TASK GOAL
Leave out any picture and return the remaining listing below exactly as given.

DATA PROVIDED

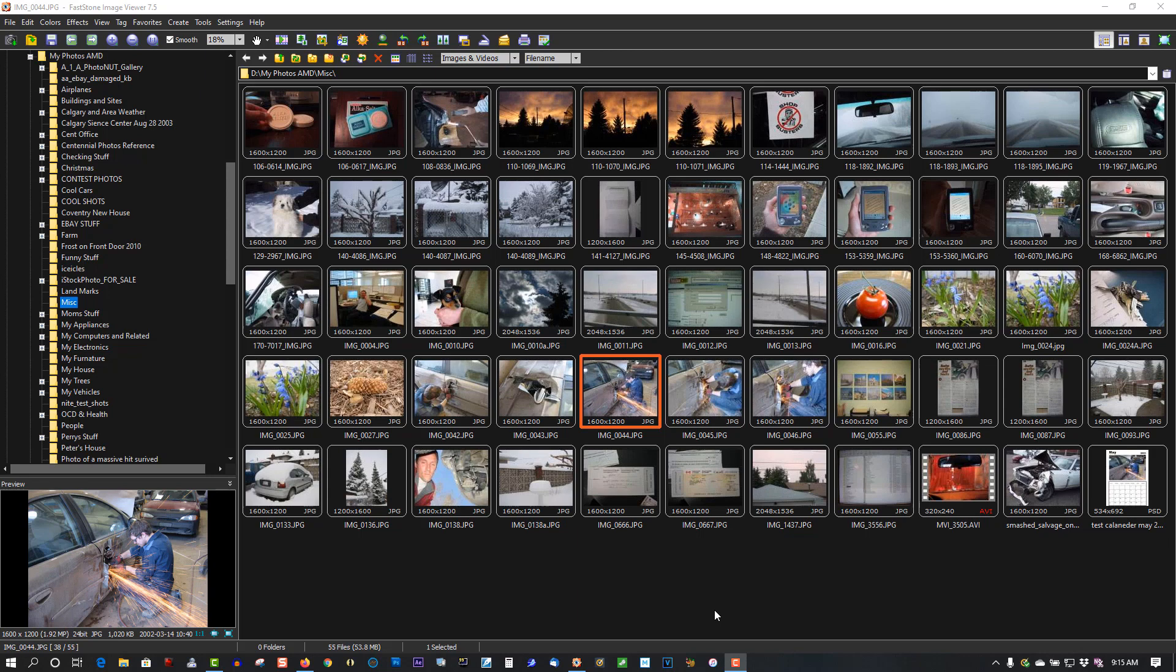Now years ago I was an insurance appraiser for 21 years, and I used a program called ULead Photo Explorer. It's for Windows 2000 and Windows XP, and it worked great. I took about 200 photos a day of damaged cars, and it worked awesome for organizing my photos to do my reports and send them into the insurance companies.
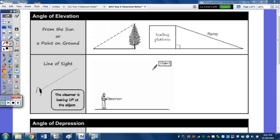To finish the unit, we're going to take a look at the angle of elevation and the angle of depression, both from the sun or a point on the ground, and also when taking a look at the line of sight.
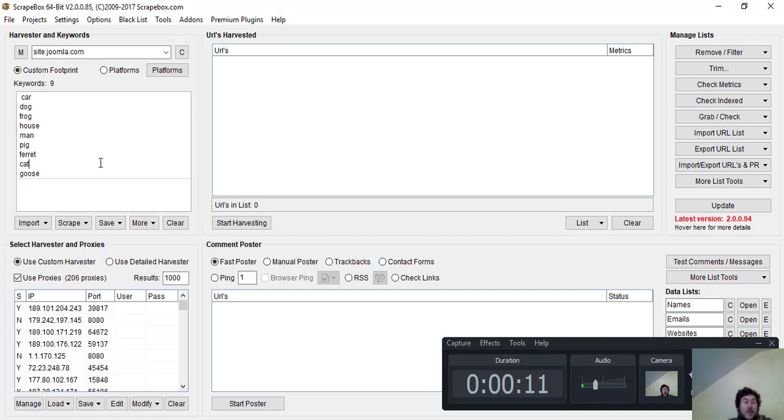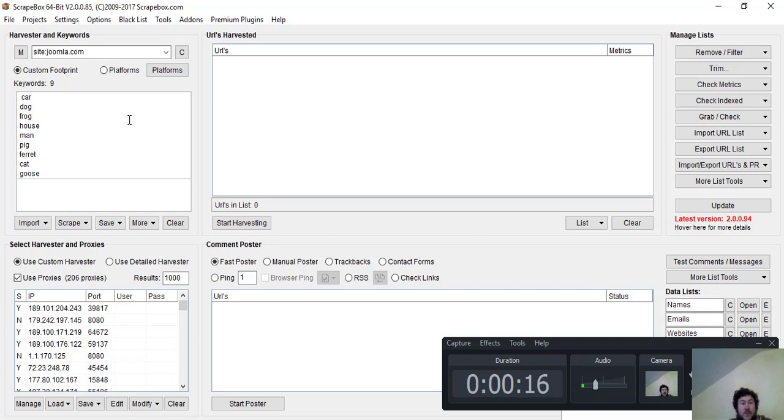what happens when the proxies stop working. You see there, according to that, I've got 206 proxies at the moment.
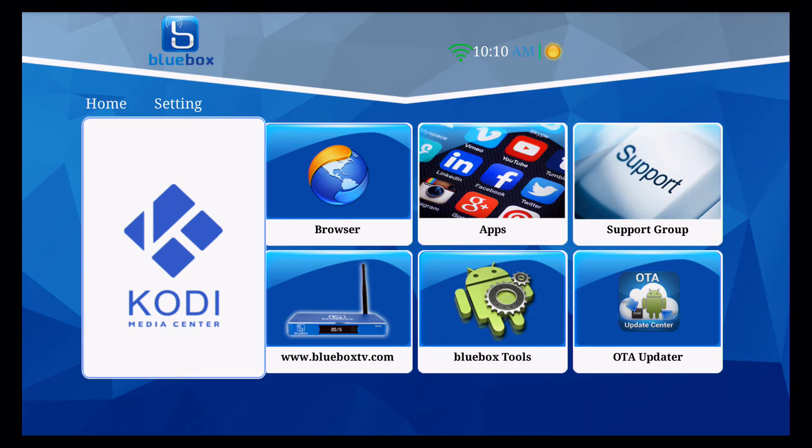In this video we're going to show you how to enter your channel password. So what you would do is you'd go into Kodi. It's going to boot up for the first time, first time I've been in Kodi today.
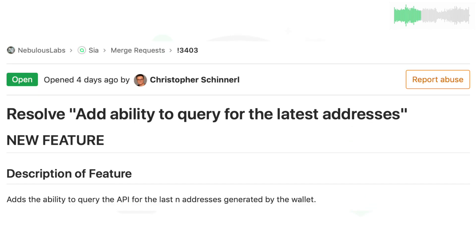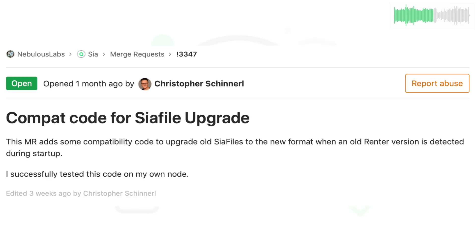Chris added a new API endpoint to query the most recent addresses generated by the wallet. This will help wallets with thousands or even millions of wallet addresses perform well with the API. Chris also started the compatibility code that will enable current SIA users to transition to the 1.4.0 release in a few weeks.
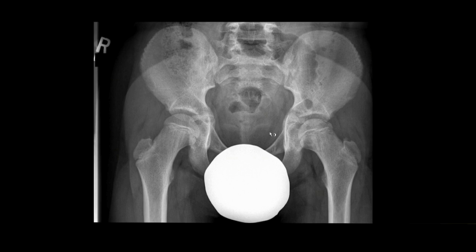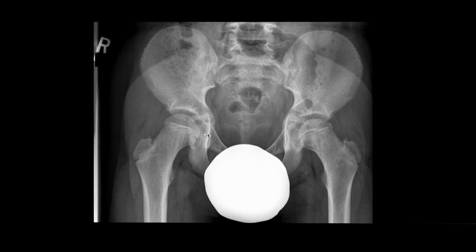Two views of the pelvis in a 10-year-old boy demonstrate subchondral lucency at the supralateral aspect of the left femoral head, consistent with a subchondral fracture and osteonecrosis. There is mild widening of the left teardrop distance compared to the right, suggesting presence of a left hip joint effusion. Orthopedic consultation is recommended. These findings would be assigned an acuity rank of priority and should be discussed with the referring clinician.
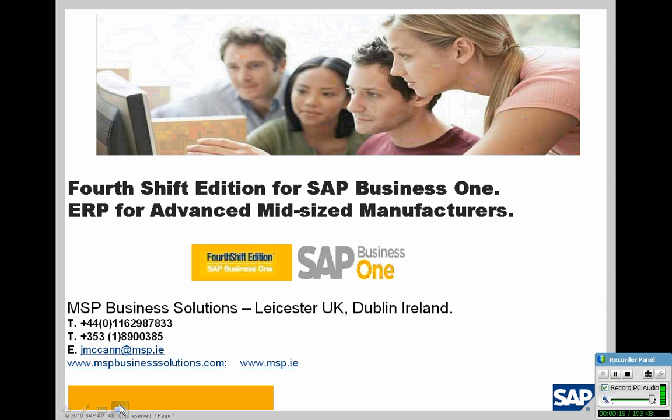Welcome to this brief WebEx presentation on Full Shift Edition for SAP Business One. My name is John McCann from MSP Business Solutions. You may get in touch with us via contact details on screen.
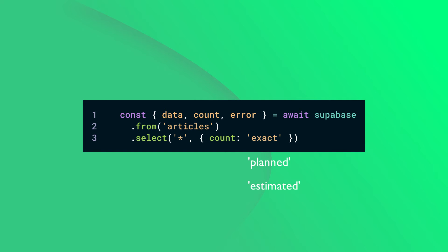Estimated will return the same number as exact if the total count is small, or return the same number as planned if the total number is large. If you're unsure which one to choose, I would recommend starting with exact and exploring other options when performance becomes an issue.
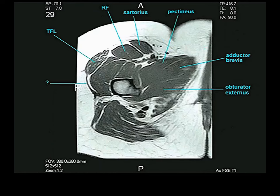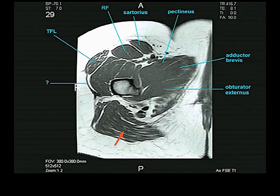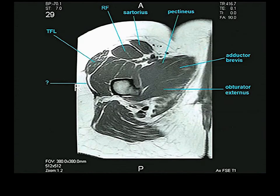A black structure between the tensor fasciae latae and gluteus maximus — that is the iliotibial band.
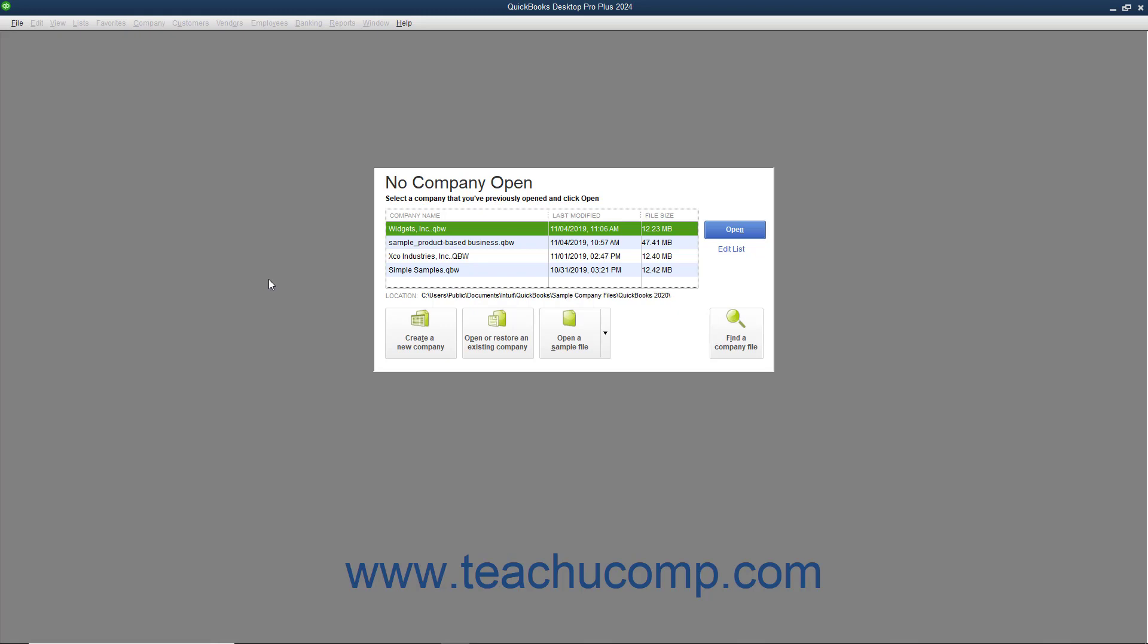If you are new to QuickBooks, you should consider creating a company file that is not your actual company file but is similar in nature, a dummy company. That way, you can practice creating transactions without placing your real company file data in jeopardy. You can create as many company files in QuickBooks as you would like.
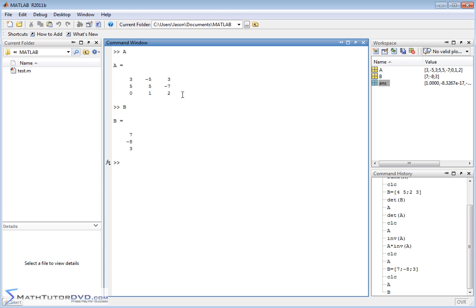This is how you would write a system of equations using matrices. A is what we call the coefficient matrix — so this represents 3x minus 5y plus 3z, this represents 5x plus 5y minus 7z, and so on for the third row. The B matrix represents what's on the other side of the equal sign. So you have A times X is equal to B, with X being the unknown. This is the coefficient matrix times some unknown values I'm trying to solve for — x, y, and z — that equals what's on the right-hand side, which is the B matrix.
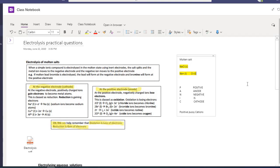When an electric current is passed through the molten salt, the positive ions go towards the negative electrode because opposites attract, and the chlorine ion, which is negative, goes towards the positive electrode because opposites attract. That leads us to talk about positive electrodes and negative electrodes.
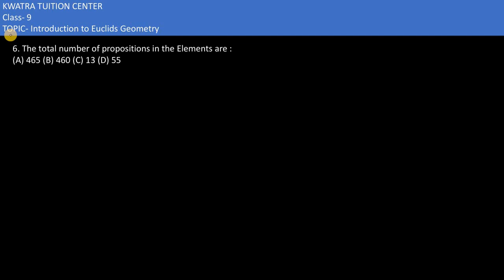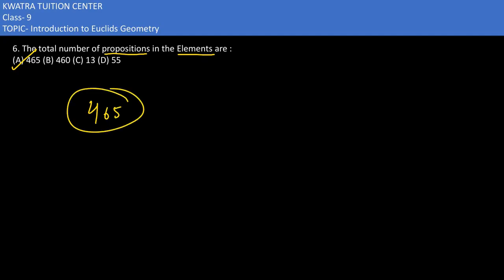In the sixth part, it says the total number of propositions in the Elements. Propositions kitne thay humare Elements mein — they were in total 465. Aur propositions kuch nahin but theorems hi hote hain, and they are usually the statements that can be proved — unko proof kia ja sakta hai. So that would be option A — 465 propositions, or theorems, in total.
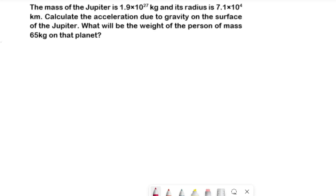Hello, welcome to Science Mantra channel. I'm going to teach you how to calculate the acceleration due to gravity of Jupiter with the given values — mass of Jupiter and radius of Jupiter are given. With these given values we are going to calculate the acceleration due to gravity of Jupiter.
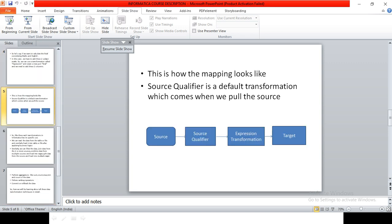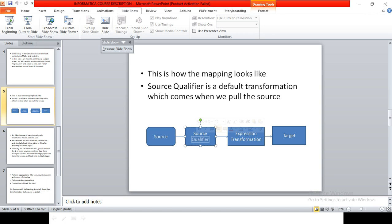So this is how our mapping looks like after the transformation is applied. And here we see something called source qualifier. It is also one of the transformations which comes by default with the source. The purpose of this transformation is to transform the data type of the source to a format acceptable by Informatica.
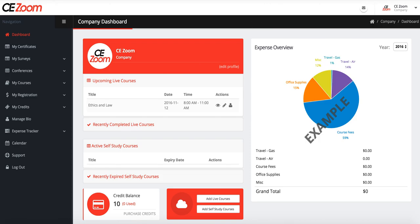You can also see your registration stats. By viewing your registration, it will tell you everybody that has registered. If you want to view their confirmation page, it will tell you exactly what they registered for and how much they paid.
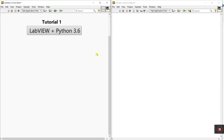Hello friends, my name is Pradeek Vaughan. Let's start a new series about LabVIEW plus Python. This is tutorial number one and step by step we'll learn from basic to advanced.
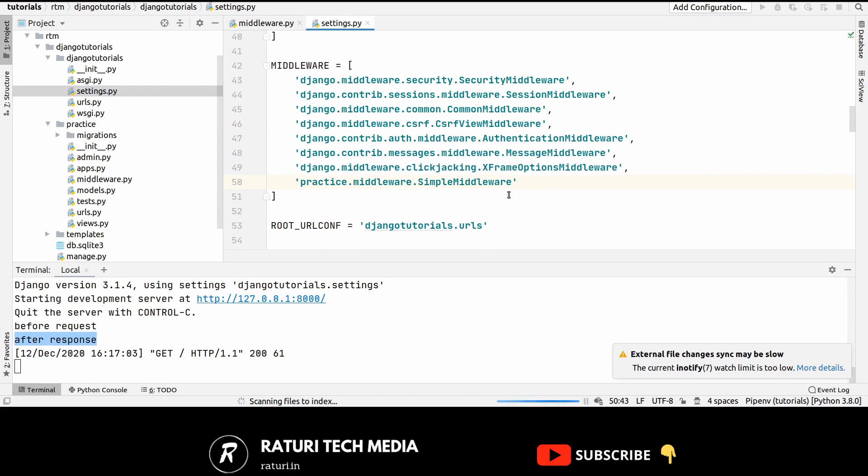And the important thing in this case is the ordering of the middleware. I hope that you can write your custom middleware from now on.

REPLY
Now years ago I was an insurance appraiser for 21 years, and I used a program called ULead Photo Explorer. It's for Windows 2000 and Windows XP, and it worked great. I took about 200 photos a day of damaged cars, and it worked awesome for organizing my photos to do my reports and send them into the insurance companies.
To finish the unit, we're going to take a look at the angle of elevation and the angle of depression, both from the sun or a point on the ground, and also when taking a look at the line of sight.
what happens when the proxies stop working. You see there, according to that, I've got 206 proxies at the moment.
In this video we're going to show you how to enter your channel password. So what you would do is you'd go into Kodi. It's going to boot up for the first time, first time I've been in Kodi today.
Chris added a new API endpoint to query the most recent addresses generated by the wallet. This will help wallets with thousands or even millions of wallet addresses perform well with the API. Chris also started the compatibility code that will enable current SIA users to transition to the 1.4.0 release in a few weeks.
Two views of the pelvis in a 10-year-old boy demonstrate subchondral lucency at the supralateral aspect of the left femoral head, consistent with a subchondral fracture and osteonecrosis. There is mild widening of the left teardrop distance compared to the right, suggesting presence of a left hip joint effusion. Orthopedic consultation is recommended. These findings would be assigned an acuity rank of priority and should be discussed with the referring clinician.
Welcome to this brief WebEx presentation on Full Shift Edition for SAP Business One. My name is John McCann from MSP Business Solutions. You may get in touch with us via contact details on screen.
Estimated will return the same number as exact if the total count is small, or return the same number as planned if the total number is large. If you're unsure which one to choose, I would recommend starting with exact and exploring other options when performance becomes an issue.
A black structure between the tensor fasciae latae and gluteus maximus — that is the iliotibial band.
If you are new to QuickBooks, you should consider creating a company file that is not your actual company file but is similar in nature, a dummy company. That way, you can practice creating transactions without placing your real company file data in jeopardy. You can create as many company files in QuickBooks as you would like.
This is how you would write a system of equations using matrices. A is what we call the coefficient matrix — so this represents 3x minus 5y plus 3z, this represents 5x plus 5y minus 7z, and so on for the third row. The B matrix represents what's on the other side of the equal sign. So you have A times X is equal to B, with X being the unknown. This is the coefficient matrix times some unknown values I'm trying to solve for — x, y, and z — that equals what's on the right-hand side, which is the B matrix.
When an electric current is passed through the molten salt, the positive ions go towards the negative electrode because opposites attract, and the chlorine ion, which is negative, goes towards the positive electrode because opposites attract. That leads us to talk about positive electrodes and negative electrodes.
In the sixth part, it says the total number of propositions in the Elements. Propositions kitne thay humare Elements mein — they were in total 465. Aur propositions kuch nahin but theorems hi hote hain, and they are usually the statements that can be proved — unko proof kia ja sakta hai. So that would be option A — 465 propositions, or theorems, in total.
Hello, welcome to Science Mantra channel. I'm going to teach you how to calculate the acceleration due to gravity of Jupiter with the given values — mass of Jupiter and radius of Jupiter are given. With these given values we are going to calculate the acceleration due to gravity of Jupiter.
So this is how our mapping looks like after the transformation is applied. And here we see something called source qualifier. It is also one of the transformations which comes by default with the source. The purpose of this transformation is to transform the data type of the source to a format acceptable by Informatica.
You can also see your registration stats. By viewing your registration, it will tell you everybody that has registered. If you want to view their confirmation page, it will tell you exactly what they registered for and how much they paid.
Hello friends, my name is Pradeek Vaughan. Let's start a new series about LabVIEW plus Python. This is tutorial number one and step by step we'll learn from basic to advanced.
And the important thing in this case is the ordering of the middleware. I hope that you can write your custom middleware from now on.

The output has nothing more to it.